J’avais vraiment envie depuis un petit moment de te faire découvrir les talents de ma super copine Laure du blog Les Aventurières. Elle aide les femmes à se reconvertir et à trouver leur voie/x avec un sens de l’humour décapant et une intelligence folle. Aujourd’hui, elle te raconte ses aventures dans le monde incroyable, merveilleux et ultra flippant de l’entrepreneuriat.

Camille me fait l’honneur de m’inviter sur son blog, je suis donc ravie de raconter un bout de mon histoire ici, et de l’agrémenter de gifs, comme le veut la tradition.
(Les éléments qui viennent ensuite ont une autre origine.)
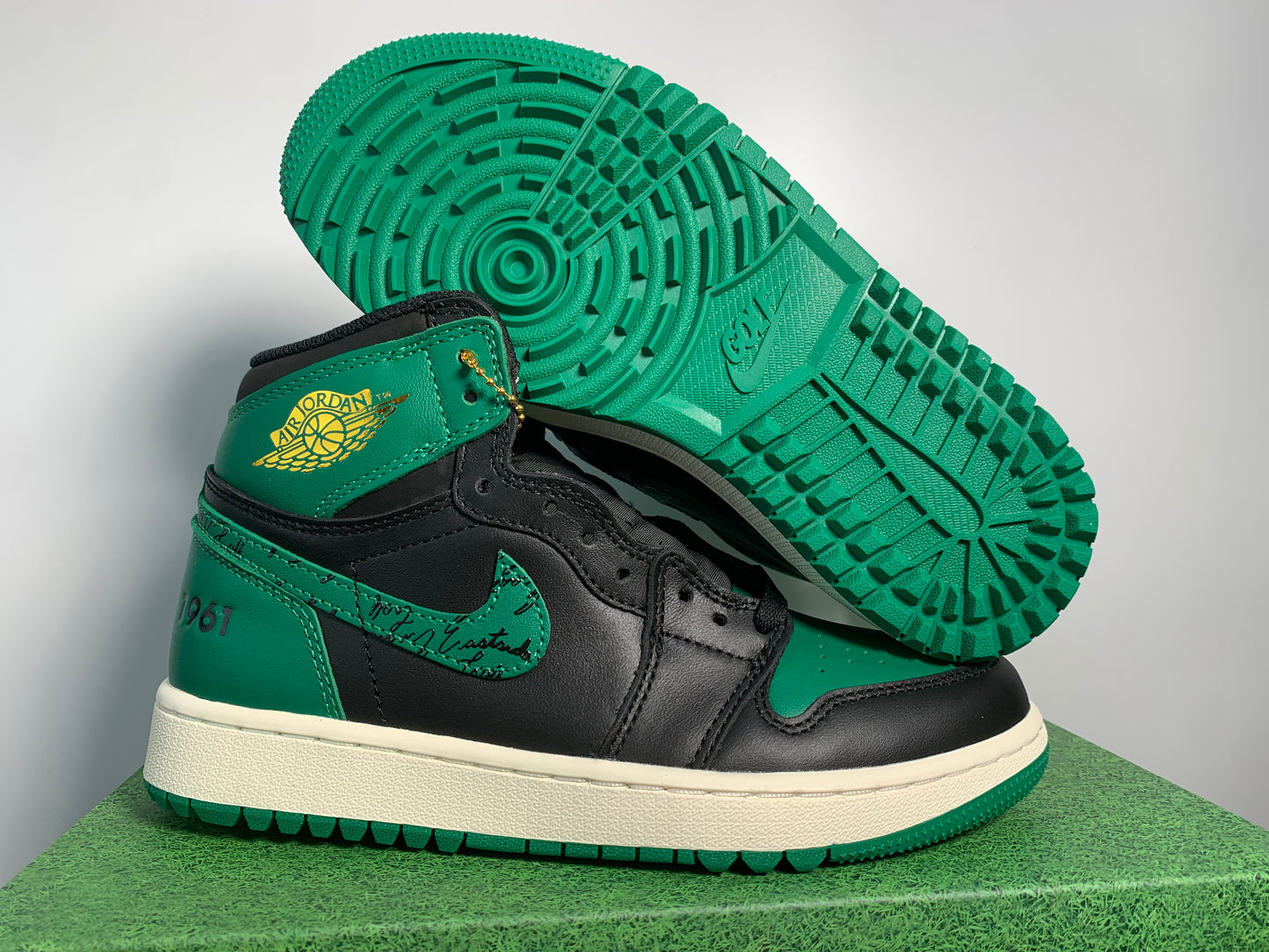 Air Jordan 1 x Eastside Golf FJ0849-001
S’il existait des tests de personnalité pour savoir si tu es fait pour l’entrepreneuriat, j’aurais probablement échoué à tous les niveaux. Je m’appelle Laure, j’ai étudié les relations internationales (bac +5 mention chômage), je suis une Aventurière froussarde, et je déteste me lever le matin. Déjà d’après la ‘sagesse populaire’ ça commence mal.  Mais ce n’est pas tout : je suis extrêmement désorganisée, rarement ponctuelle et j’ai vraiment vraiment besoin de comprendre pourquoi je fais les choses sinon c’est impossible pour moi de les réaliser. Mon cerveau estime que ’faire de l’argent’ n’est pas une raison suffisante pour se bouger le train, sinon je serai probablement encore salariée à gravir les échelons d’une échelle imaginaire.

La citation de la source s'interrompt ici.